• THE DATA:

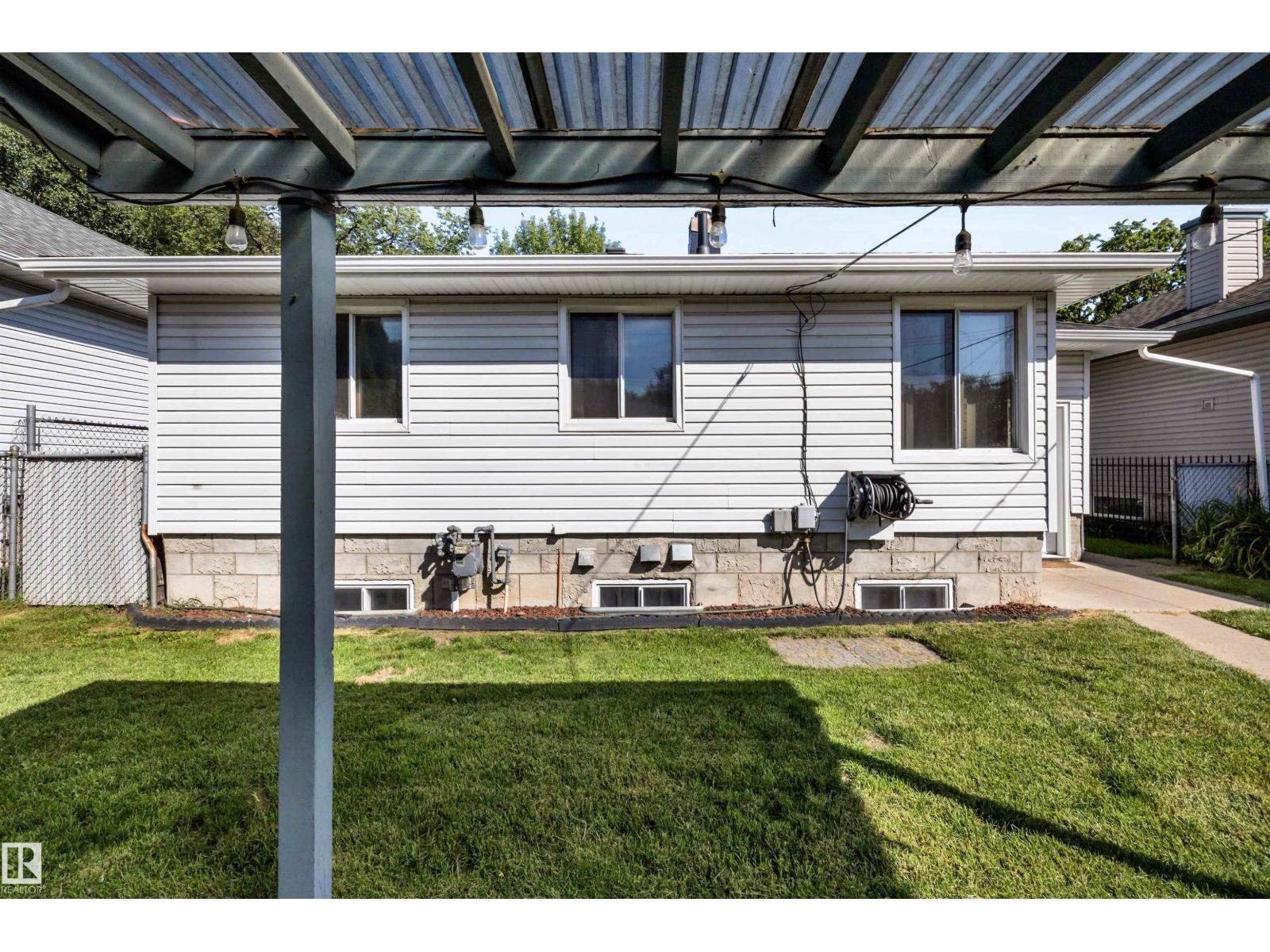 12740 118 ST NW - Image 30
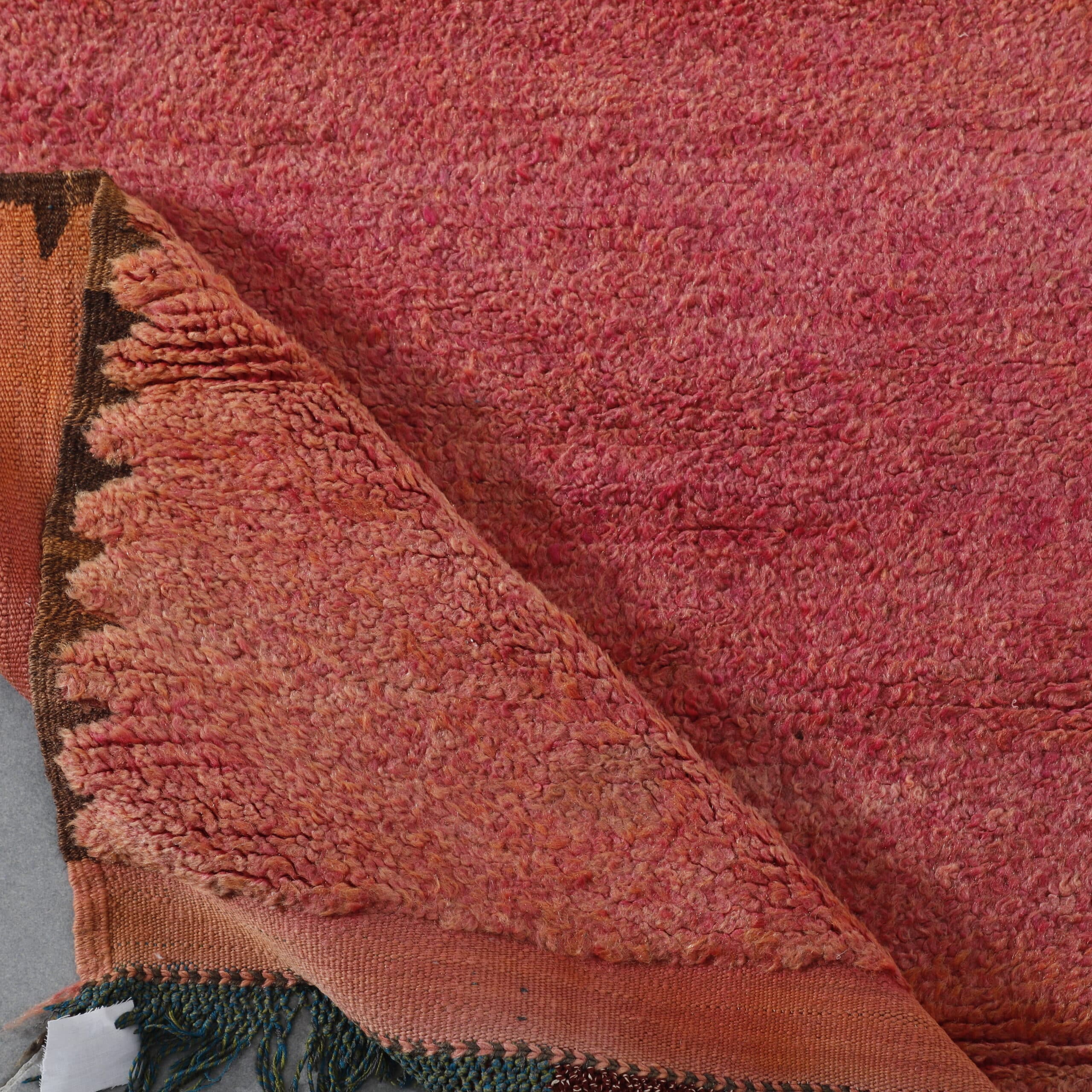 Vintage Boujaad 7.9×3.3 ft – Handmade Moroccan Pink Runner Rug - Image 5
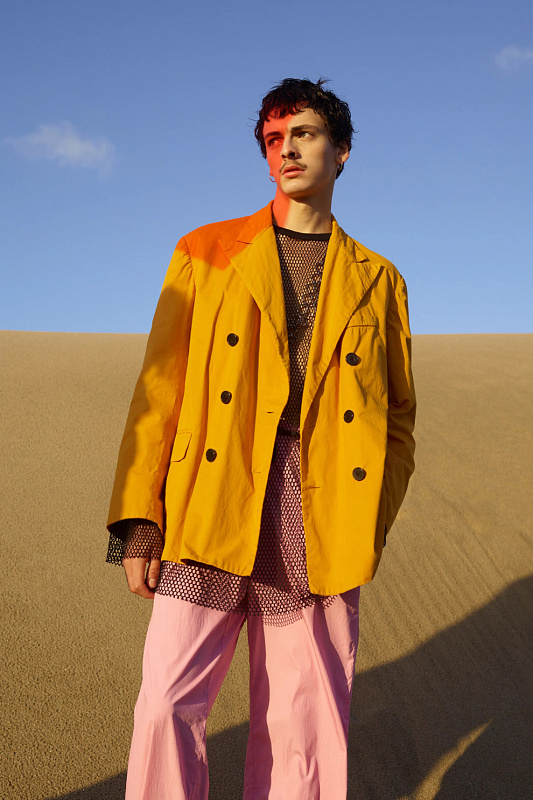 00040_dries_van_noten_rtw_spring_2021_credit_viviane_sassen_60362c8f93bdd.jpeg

---

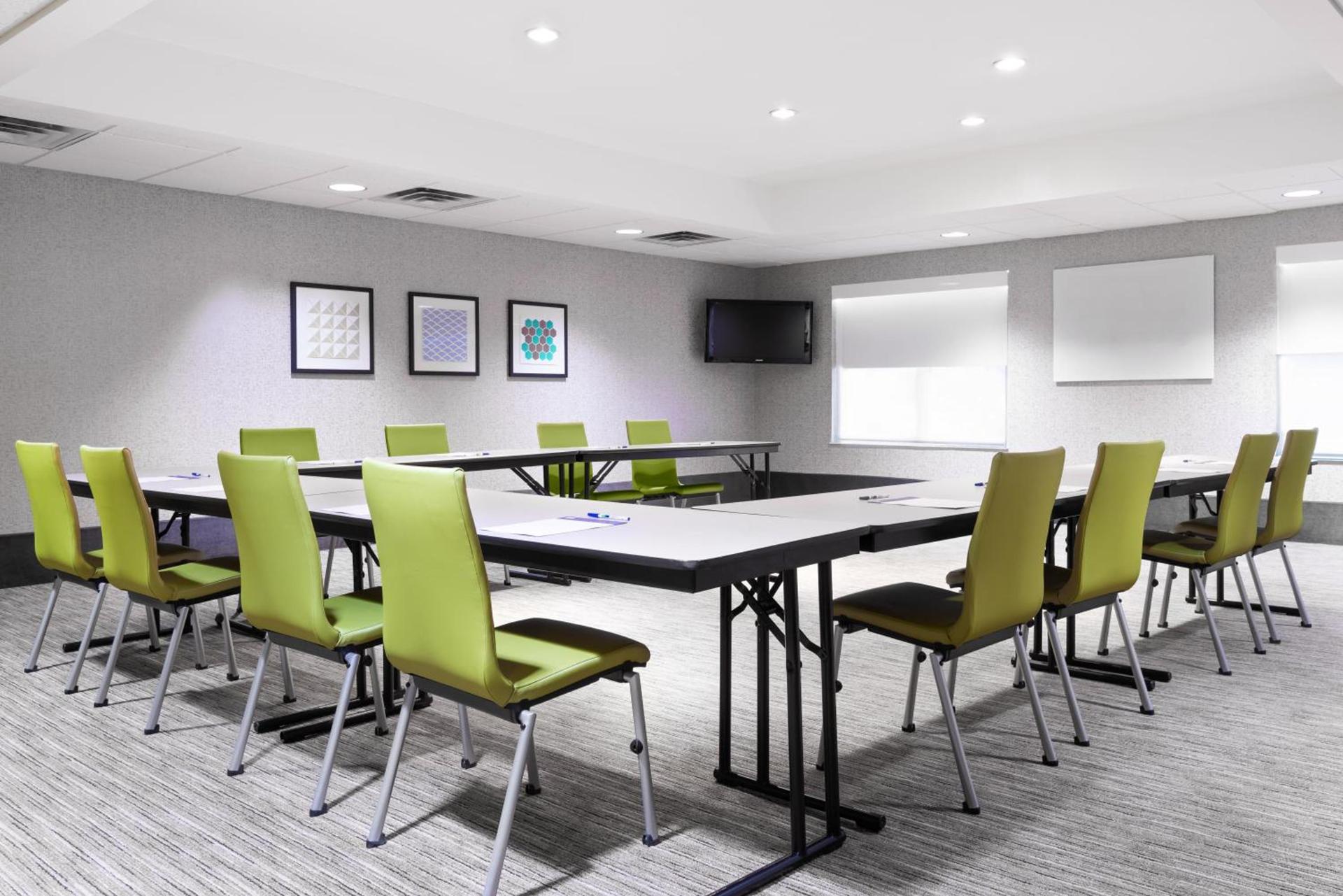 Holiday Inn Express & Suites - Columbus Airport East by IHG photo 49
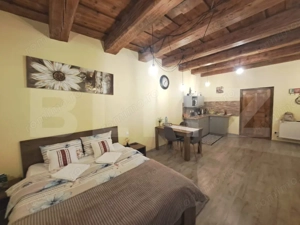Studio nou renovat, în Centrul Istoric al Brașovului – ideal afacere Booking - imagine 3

==

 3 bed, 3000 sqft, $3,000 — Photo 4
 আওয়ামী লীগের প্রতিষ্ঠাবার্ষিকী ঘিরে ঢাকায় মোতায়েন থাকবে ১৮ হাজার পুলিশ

• WHAT YOU NEED TO DO: For the listing above, print only the lines starting at the line containing "3 bed, 3000 sqft, $3,000 — Photo 4" and ending at the line containing "আওয়ামী লীগের প্রতিষ্ঠাবার্ষিকী", exactly, both included.

• EXERCISE SOLUTION:
 3 bed, 3000 sqft, $3,000 — Photo 4
 আওয়ামী লীগের প্রতিষ্ঠাবার্ষিকী ঘিরে ঢাকায় মোতায়েন থাকবে ১৮ হাজার পুলিশ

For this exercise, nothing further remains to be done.